To a conspiracy theorist there is always a larger cause. Take the assassinations of Presidents Abraham Lincoln and John F. Kennedy, each of which was the premiere subject of conspiracy theorizing for many years, and remain popular subjects to this day. In both cases the official, and most widely accepted, version of the story is that a lone troubled soul, albeit one whose sympathies were shared by many others, shot and killed the President of the United States, the most powerful man in what was, at least during the time of JFK, the most powerful country in the world. If such random tragedy could strike such a man, how can any of us possibly feel safe? In a world in which even presidents are murdered and airplanes are crashed into buildings or explode in the sky due to fuel tank errors (the TWA 800 tragedy, which has its own crop of conspiracy theories) how can any of us feel safe on an airplane, or going to the theatre, or simply riding their car down an open street?

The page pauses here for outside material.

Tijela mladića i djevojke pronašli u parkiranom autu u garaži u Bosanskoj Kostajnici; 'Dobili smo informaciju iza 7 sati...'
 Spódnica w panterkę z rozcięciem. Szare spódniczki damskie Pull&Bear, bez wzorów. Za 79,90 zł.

There are a few alternatives. For most people the answer is simply to be realistic; while tragedy can be random, it is also rare and a life lived in perpetual terror is a poor life indeed. Others do live in fear, barely functioning, and living a terrible agoraphobic life of isolation. And others find solace in a false order, of complex constructed narratives in which they either assign enormous power to the relatively powerless actor behind such tragedies, or assign an entirely imaginary actor in cases that truly were due to chance or sloppiness. It is easier to sleep at night when you believe that JFK was killed as a result of a vast and shadowy conspiracy, because by extension that is what it would take. If tragedy requires such incredible effort and resources, then we are all relatively safer, because who would bother with us? By arguing with such venom for the existence of a reality in which all of the world’s random accidents and low-tech terrorism are in fact the result of elaborate conspiracies conducted by the ostensibly powerful, conspiracy theorists are actually choosing order over chaos: a world in which they can sleep at night, because the knife in the shadow never misses its intended target.